Snowolf has got you covered on what you need to think about but I want to re-emphasize some important points...



> Do any speed checks down in the flats, not in the tranny.


 You want to be confident in your speed entering the transition not while you are riding it. When you are coming through the flats pick a point on the wall you want to launch from and commit. This will help you stay on target and hopefully keep you from making any last second corrections.



> As you stall on the wall, unweight your board and pivot, then extend to regain contact with the wall. Avoid pushing off the wall.


 Very important. It's easy to assume that riders are blasting ollies to get the kind of air they do in the pipe... but really it's all about momentum. Let your speed carry you up the wall and into the air. The best way I can figure to describe it is that you kind of 'stand up' into the air rather than really popping.


----------



## Guest (Sep 14, 2008)

Two noob questions:
1.What exactly do you mean by "pivot"
2.What exactly do yiou mean by "transition"?

PS THANKS A TON for all the help! Really helpful


----------



## nos (Mar 13, 2008)

Sorry to bump, but I'm still confused as to what edge I should be on. For example, if I'm regular and I drop in from the left side, I should land on my toe edge..right?


----------



## legallyillegal (Oct 6, 2008)

nos said:


> Sorry to bump, but I'm still confused as to what edge I should be on. For example, if I'm regular and I drop in from the left side, I should land on my toe edge..right?


It depends. Do you want to do backflips right away?


----------



## Guest (Oct 16, 2008)

GENTLEMEN!! don't mean to be a dick.... but, no one can hold your hand here. Get into the pipe with the help of an experienced friend, and or instructor. You will only really understand what is being discussed here until you actually get in the pipe.

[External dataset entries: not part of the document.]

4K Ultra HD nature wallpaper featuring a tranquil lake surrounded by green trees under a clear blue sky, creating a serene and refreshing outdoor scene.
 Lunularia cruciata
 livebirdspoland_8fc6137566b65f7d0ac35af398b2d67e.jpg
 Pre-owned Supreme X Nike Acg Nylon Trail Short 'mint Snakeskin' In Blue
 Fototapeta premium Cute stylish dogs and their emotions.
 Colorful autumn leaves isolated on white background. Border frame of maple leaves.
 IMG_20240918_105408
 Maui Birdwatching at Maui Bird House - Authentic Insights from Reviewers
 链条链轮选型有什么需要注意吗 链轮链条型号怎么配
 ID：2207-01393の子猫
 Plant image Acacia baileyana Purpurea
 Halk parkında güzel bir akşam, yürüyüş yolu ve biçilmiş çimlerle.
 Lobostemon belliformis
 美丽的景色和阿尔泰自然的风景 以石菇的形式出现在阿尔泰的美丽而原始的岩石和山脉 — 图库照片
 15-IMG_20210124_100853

Shrediquette in the pipe is what you should really learn now.

If you can't connect turns confidently or have other issue that make you unable to control your speed, turn shape or a whole host of other issues, you should not be in the pipe to begin with.

We all want to learn to ride pipe/park and more often than not, lots of you are not ready.

Hone your skills and perfect your carving, small radius turns, and turn shape as it relates to speed control. You will be glad you did when you do get in the pipe.

I don't get many pipe lessons being an instructor, but when I do my progression for learning pipe starts on flat ground (not in any halfpipe) and involves learning to hop turn.. snowolfs reference "up unweighting" 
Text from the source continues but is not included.